Victor Guerra García
The second part of the book is set in a more contemporary context, addressing the conceptual differences between the Modern and the French Rite and providing materials for the background of related aspects essential to understanding how the Congress of the French Rite of Lisbon and the Modern Rite in Barcelona, and the birth of the Universal Masonic Union of the Modern Rite (UMURM) or establishment in Spain of the General Grand Chapter of Spain (GODF-GLSE) came to pass. 

The book closes with an impressive piece by Jean van Win that describes the false basis of support of certain ritual developments within the Orders of Wisdom in France, and finally a final reflection on what the Modern Rite's future may look like in the twenty-first century. 

The text also contains several reflections by way of introduction and epilogue from various current Masonic scholars including Joan Francesc Pont, Sovereign Commander of the Supreme Council of the Scottish Rite of Spain; Eoghan Ballard, Grand Master of the Grand Lodge of the Modern Rite of North America and the Caribbean; and José María Bonachi Batalla, the Supreme Council of the Modern Rite of Brazil and President of the UMURM. 

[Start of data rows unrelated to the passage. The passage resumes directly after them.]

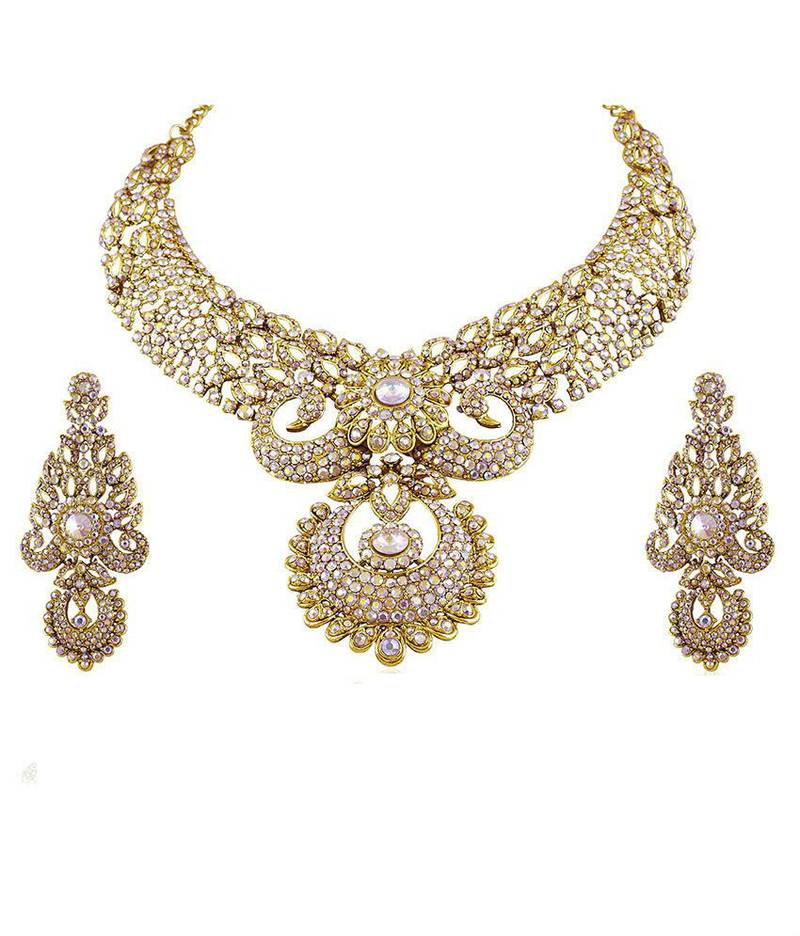 Bollywood Fashion Jewelry Traditional Golden Necklace Set ADIVA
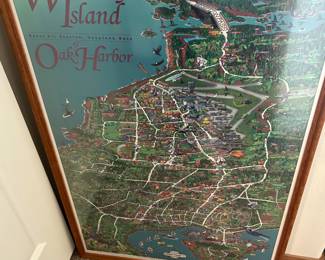 Large North Whidbey framed map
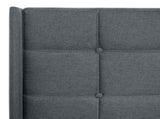 Queen Size Upholstered Platform Bed Frame with Modern Button Tufted Linen Fabric Headboard, No Box W311P195302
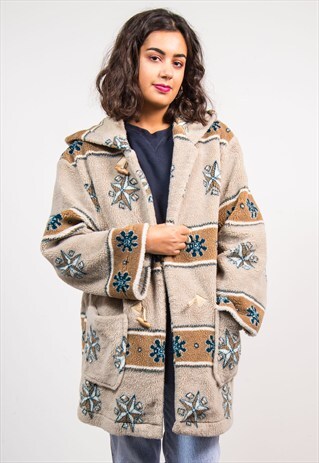 VINTAGE 90'S HOODED FLEECE COAT DUFFLE JACKET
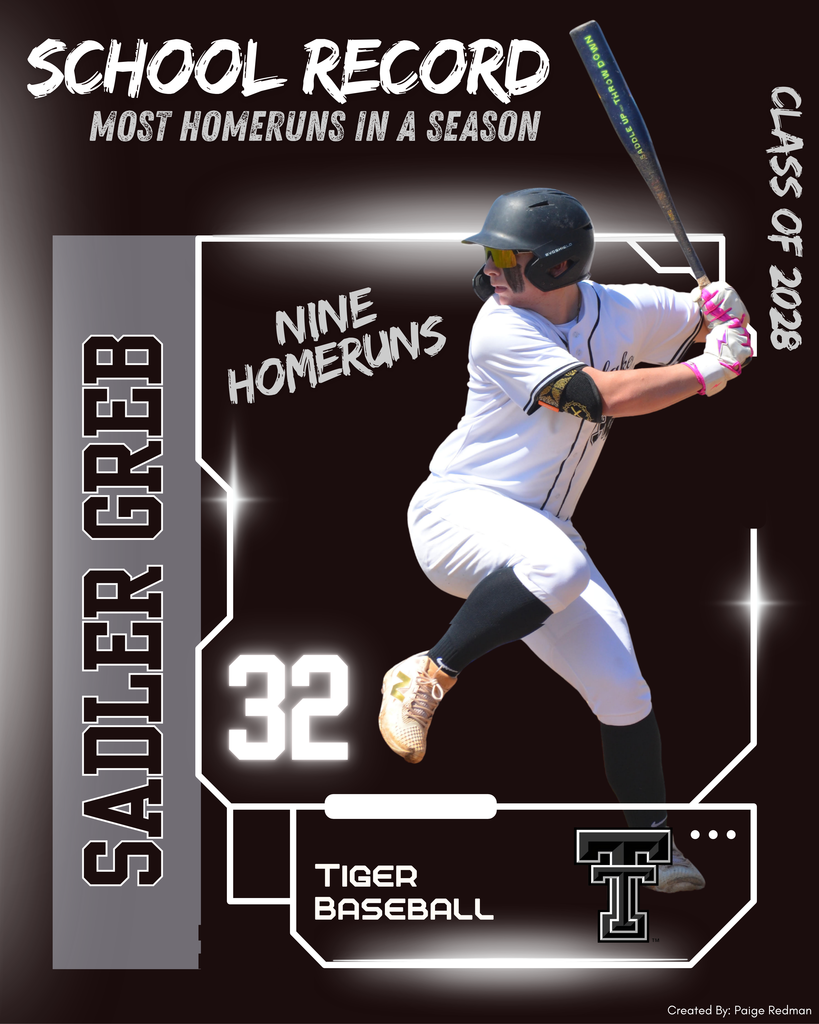 Sadler Greb sets the school record for the most home runs in a season with 9 homeruns. 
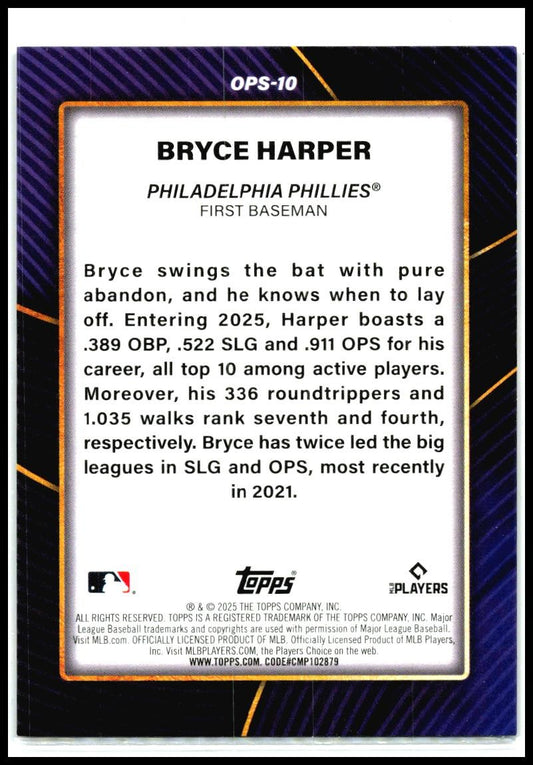 2025 Topps OPS Leaders Orange Foil #OPS-10 Bryce Harper Philadelphia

The book may be purchased in either hard copy or electronic format from Masonica.es:

Thursday, October 9, 2014

Esoteric Freemasonry, Research, and Playing in the Water

Freemasonry has always been associated with esotercism. The 18th century expansion of Freemasonry demonstrated the continued the interest that earlier Freemasons had in spiritual studies, including hermetic principles and alchemy, and developed it further, adding the newer Rosicrucian elements that had begun to become popular in the previous century. This aspect of Masonic practice continued despite the resistance of first the Christian hierarchies, and in the 19th century of a growing faction within the Masonic institutional establishment to homogenize and manipulate Freemasonry to advance their desire for numeric growth and political control within the institution. Such forces, which are still present in what remains of the “Masonic empire” of the later 19th and first half of the 20th centuries, which is sometimes euphemistically referred to as a golden age for the fraternity, deemed that they needed to eliminate or minimize within the institution elements that might not be comfortable for a membership that was demographically more mainstream and popularist. 18th Century Freemasonry appealed too much to intellectuals and those in search of a more profound spiritual vision, and while it became obvious both that such interest could not be completely eliminated, and that erasing the mystery within Freemasonry, with nothing similarly compelling to replace it would be a fatal mistake, they tried their best. The fact that the 19th century produced Masonic writer with strong esoteric  interests such as Albert Pike, W.L. Wilmhurst, A.E. Waite, and William Wynn Westcott, amply demonstrates that the rug could not be pulled out from Freemasonry's earlier esoteric focii. Sanitized revisionist histories were not compelling enough to erase the memory of those “secrets” hidden in plain view.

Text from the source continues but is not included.